Go to the line containing "FBXO42 Antibody in" in the records below and print it and every following line exactly, on through the line containing "Immunofluorescence analysis of", then stop.

• • • • •

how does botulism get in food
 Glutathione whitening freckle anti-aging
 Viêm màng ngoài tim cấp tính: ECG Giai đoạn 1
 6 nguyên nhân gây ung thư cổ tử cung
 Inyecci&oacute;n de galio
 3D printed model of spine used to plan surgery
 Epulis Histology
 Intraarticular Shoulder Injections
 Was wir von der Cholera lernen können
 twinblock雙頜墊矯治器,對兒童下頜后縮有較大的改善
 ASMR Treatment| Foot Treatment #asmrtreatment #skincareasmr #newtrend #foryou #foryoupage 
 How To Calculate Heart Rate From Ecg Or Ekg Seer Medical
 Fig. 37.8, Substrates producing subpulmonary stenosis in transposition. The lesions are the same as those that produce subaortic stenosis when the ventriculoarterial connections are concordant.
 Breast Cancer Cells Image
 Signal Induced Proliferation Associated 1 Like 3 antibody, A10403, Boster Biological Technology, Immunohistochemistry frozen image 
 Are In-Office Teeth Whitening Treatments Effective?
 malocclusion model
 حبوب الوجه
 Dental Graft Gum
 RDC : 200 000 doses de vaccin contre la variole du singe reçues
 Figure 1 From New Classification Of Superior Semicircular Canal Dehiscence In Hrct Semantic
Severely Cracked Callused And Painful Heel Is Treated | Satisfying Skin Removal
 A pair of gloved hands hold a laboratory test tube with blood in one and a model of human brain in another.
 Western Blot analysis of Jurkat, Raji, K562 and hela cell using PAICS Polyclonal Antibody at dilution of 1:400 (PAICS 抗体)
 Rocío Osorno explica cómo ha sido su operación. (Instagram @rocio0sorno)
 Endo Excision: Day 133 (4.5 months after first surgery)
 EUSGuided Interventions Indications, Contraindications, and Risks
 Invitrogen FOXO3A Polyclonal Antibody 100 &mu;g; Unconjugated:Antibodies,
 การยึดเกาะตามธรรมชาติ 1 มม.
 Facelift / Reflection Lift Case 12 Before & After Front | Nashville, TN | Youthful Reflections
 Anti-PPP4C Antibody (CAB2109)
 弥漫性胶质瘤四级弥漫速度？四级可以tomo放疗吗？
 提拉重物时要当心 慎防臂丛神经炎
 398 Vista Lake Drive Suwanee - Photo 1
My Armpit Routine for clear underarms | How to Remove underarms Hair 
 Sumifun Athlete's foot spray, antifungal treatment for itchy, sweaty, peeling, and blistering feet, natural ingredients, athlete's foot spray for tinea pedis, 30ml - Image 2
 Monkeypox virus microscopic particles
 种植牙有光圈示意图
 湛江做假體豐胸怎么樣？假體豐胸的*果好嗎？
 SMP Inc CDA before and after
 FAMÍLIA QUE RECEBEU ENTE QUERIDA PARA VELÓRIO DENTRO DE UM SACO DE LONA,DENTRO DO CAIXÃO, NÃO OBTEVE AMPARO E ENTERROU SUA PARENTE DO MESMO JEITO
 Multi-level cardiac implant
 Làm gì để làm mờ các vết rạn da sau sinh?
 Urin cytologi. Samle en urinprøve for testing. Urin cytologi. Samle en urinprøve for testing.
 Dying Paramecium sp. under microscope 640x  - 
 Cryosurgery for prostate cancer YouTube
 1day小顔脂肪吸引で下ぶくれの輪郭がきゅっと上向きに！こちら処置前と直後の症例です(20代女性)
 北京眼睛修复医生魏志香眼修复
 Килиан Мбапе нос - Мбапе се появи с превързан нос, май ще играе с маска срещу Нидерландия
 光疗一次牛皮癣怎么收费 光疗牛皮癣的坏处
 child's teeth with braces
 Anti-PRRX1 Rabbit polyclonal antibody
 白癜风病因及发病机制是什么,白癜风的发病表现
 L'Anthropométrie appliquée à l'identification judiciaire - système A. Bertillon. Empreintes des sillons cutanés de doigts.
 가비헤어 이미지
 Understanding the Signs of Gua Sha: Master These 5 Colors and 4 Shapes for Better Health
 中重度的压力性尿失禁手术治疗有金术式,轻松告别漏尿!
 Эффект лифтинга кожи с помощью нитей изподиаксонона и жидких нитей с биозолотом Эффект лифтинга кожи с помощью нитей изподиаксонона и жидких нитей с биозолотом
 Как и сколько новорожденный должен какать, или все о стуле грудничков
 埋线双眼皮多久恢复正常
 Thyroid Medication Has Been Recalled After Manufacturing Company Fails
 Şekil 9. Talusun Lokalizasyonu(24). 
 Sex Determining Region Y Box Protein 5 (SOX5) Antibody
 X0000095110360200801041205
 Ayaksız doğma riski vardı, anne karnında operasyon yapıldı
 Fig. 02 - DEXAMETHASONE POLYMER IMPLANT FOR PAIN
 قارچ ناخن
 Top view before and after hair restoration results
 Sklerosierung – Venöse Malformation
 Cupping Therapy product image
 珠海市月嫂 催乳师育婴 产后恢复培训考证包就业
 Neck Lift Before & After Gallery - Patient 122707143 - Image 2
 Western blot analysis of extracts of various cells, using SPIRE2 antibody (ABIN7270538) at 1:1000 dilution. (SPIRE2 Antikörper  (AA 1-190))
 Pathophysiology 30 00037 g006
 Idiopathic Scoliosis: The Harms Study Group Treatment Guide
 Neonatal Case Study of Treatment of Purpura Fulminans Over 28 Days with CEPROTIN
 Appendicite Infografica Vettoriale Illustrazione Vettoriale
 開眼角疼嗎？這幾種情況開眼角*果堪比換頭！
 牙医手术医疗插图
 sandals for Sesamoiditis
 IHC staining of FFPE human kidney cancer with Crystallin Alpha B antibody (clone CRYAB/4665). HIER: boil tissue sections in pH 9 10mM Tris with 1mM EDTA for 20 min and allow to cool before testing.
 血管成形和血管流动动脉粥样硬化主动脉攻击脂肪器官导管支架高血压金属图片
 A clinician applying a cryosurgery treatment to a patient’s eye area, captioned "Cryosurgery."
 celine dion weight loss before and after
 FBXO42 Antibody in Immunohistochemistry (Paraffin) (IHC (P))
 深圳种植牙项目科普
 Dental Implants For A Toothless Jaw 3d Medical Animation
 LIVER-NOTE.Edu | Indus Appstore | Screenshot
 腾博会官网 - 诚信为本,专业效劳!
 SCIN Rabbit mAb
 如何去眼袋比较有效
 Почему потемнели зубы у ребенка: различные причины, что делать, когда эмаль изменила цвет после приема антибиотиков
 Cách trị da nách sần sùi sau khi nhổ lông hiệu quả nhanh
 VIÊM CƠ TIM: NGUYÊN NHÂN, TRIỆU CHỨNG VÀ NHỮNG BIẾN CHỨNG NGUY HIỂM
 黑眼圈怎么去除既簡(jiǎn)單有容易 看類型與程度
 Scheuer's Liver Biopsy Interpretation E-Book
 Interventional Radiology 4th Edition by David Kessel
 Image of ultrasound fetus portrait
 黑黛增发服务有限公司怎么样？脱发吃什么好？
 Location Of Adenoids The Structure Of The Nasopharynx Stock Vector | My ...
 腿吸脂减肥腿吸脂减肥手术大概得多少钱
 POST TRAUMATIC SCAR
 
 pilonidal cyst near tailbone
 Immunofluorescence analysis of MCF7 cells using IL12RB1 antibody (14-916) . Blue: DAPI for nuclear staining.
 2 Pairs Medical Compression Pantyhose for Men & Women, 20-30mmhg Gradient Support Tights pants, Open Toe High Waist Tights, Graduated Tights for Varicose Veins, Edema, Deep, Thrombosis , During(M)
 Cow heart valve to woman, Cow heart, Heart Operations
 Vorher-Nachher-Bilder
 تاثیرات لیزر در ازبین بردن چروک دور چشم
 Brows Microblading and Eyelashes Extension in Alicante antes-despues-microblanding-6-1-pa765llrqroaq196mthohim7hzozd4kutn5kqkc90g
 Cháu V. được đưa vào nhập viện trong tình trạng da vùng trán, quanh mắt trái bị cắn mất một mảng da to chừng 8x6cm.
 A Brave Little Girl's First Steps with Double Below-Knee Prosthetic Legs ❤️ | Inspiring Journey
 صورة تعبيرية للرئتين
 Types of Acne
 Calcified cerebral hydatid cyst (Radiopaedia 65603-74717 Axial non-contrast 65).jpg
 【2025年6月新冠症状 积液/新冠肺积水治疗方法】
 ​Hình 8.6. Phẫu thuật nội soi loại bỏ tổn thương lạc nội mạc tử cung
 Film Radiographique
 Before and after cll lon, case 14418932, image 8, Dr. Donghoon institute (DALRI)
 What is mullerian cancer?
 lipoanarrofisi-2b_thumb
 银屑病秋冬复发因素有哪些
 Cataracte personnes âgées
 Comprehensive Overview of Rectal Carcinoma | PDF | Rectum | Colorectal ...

• • • • •

RESPONSE FOR THIS EXERCISE
 FBXO42 Antibody in Immunohistochemistry (Paraffin) (IHC (P))
 深圳种植牙项目科普
 Dental Implants For A Toothless Jaw 3d Medical Animation
 LIVER-NOTE.Edu | Indus Appstore | Screenshot
 腾博会官网 - 诚信为本,专业效劳!
 SCIN Rabbit mAb
 如何去眼袋比较有效
 Почему потемнели зубы у ребенка: различные причины, что делать, когда эмаль изменила цвет после приема антибиотиков
 Cách trị da nách sần sùi sau khi nhổ lông hiệu quả nhanh
 VIÊM CƠ TIM: NGUYÊN NHÂN, TRIỆU CHỨNG VÀ NHỮNG BIẾN CHỨNG NGUY HIỂM
 黑眼圈怎么去除既簡(jiǎn)單有容易 看類型與程度
 Scheuer's Liver Biopsy Interpretation E-Book
 Interventional Radiology 4th Edition by David Kessel
 Image of ultrasound fetus portrait
 黑黛增发服务有限公司怎么样？脱发吃什么好？
 Location Of Adenoids The Structure Of The Nasopharynx Stock Vector | My ...
 腿吸脂减肥腿吸脂减肥手术大概得多少钱
 POST TRAUMATIC SCAR
 
 pilonidal cyst near tailbone
 Immunofluorescence analysis of MCF7 cells using IL12RB1 antibody (14-916) . Blue: DAPI for nuclear staining.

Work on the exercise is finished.